As much as I enjoy traveling, I am denied adventures available to men.
Like Paul Theroux. I could work out from now to the end of my days, and never have the upper body strength needed to paddle a kayak around the South Pacific as Theroux did in the Happy Isles of Oceania.
Or like my fellow countryman Charles Montgomery, in The Last Heathen. Even if I wanted to knock back a slurry of pre-masticated kava root, "no women were permitted in the nakamal" -- the kava drinking ceremony on Tanna, an island in Vanuatu.
Indeed, a solitary woman flirts with harassment should she sit in a bar of an evening, no matter if it's a neighbourhood pub at home or a strange one halfway around the world. As a woman, there are just some things I cannot or will not do.
There is one woman, whose name escapes me, who traveled 'like a man'. Some years ago, I read her account of her trip in Mongolia. All alone, she paddled a kayak along rivers crusted with morning ice, drank hairy, buttery yak milk in yurts along the way, and then wrote a book about it. I was, and still am, filled with awe and admiration.
But there is a large up side to being a solo female traveler: Other women talk to me, whereas they wouldn't approach a man (Well, there are exceptions, but we are talking travel here, not 'profession'.) I am thinking of an older woman who started chatting while we were waiting to buy tickets for a Parramatta boat to the Olympic site in Sydney. In a few minutes, she told me her spouse -- high school sweetheart, second marriage for them both -- had been driving her crazy, and as soon as they got back to the States, she was divorcing him.

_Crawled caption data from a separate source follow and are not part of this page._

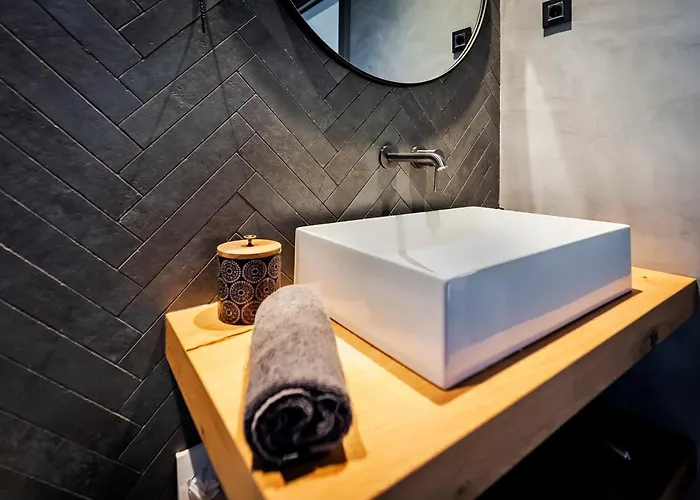 Art Renata With Pool & Sauna *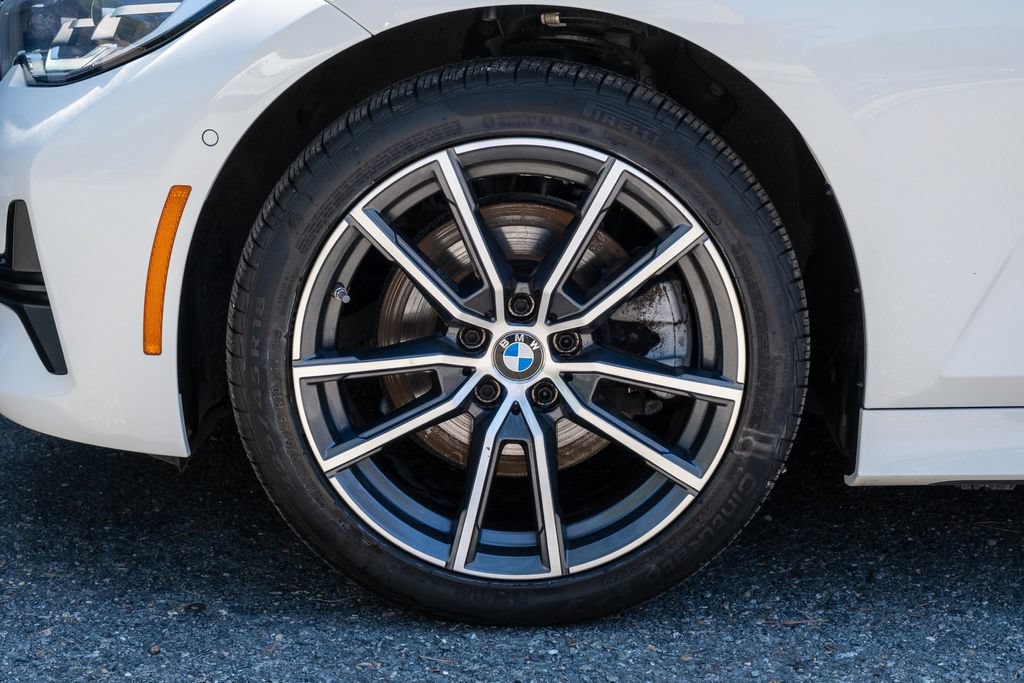 Used 2021 BMW 330i xDrive Sedan w/ Convenience Package AWD/4WD image 29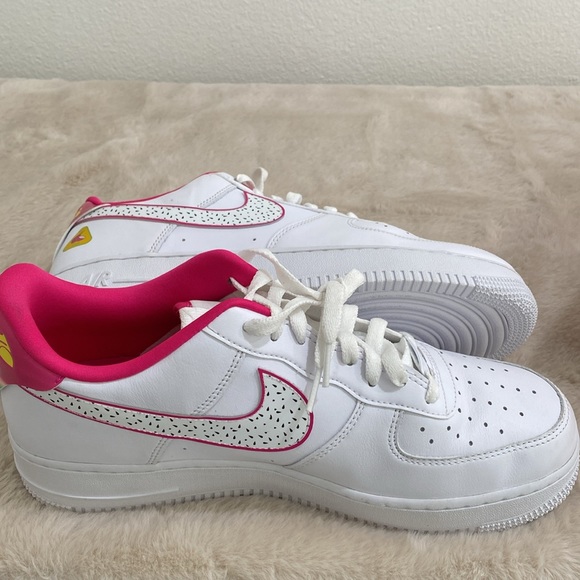 🆕 NIKE Air Force 1 ‘07 LX 2023 WMNS Low Cut White/White-Pink Dragon Fruit In 📦 - Picture 7 of 15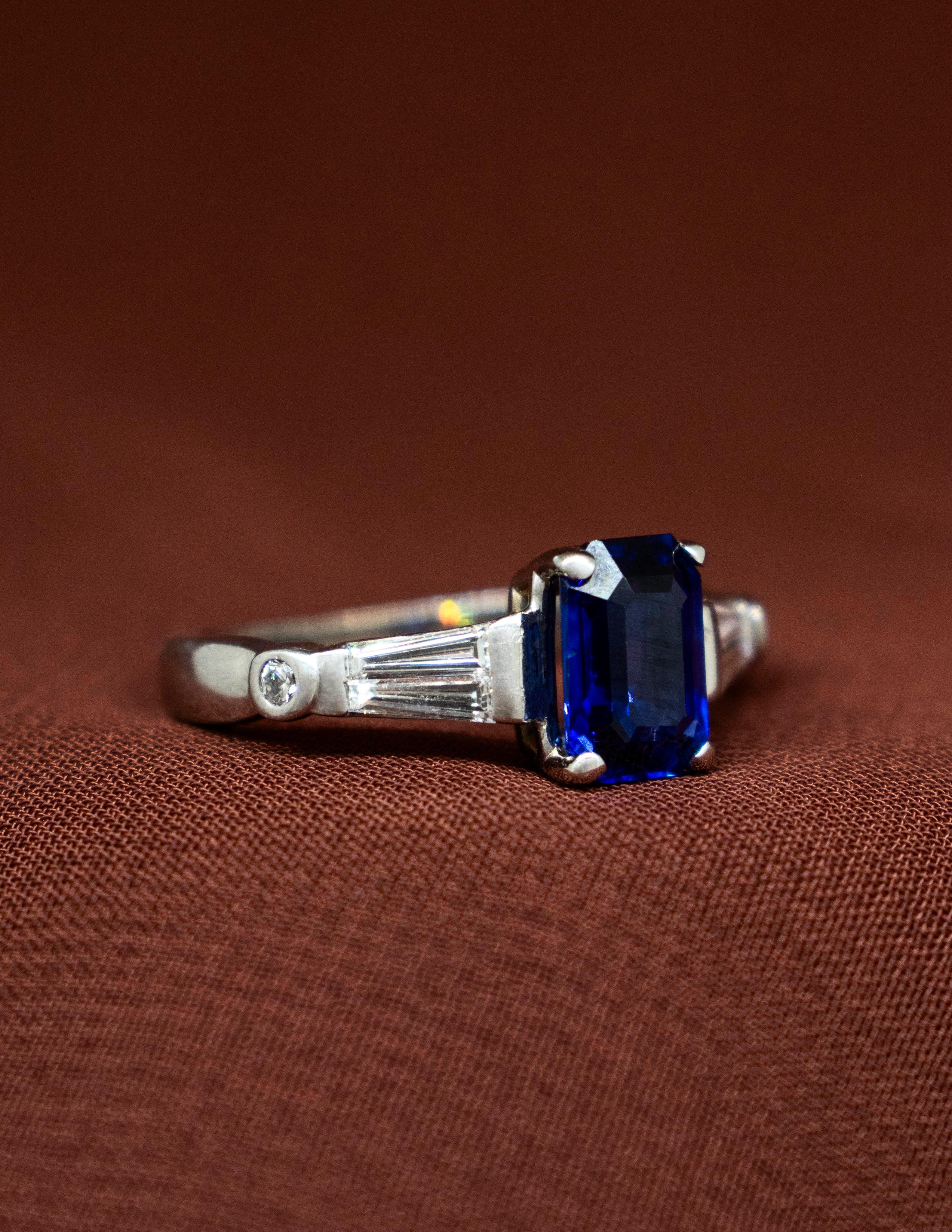 An 18k White Gold Ring with Blue Sapphire and Baguette Diamonds In Good Condition For Sale In Boone, NC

Or the gentle Srilankan lady who kept me company outside a dance show in Kandy. She had traveled from a smaller town for surgery. I learned much about the medical system and family life in that half hour. She kept shaking her head in response to my comments, a bit disconcerting at first, as her words conveyed agreement. It took me a few minutes to remember that Srilankan head nodding for 'yes' and 'no' is opposite from ours. I can only imagine what she thought of my own thoughtful nods.
These conversations happen often, and add much to my experience of a place, and for this especially, I am glad I am a woman.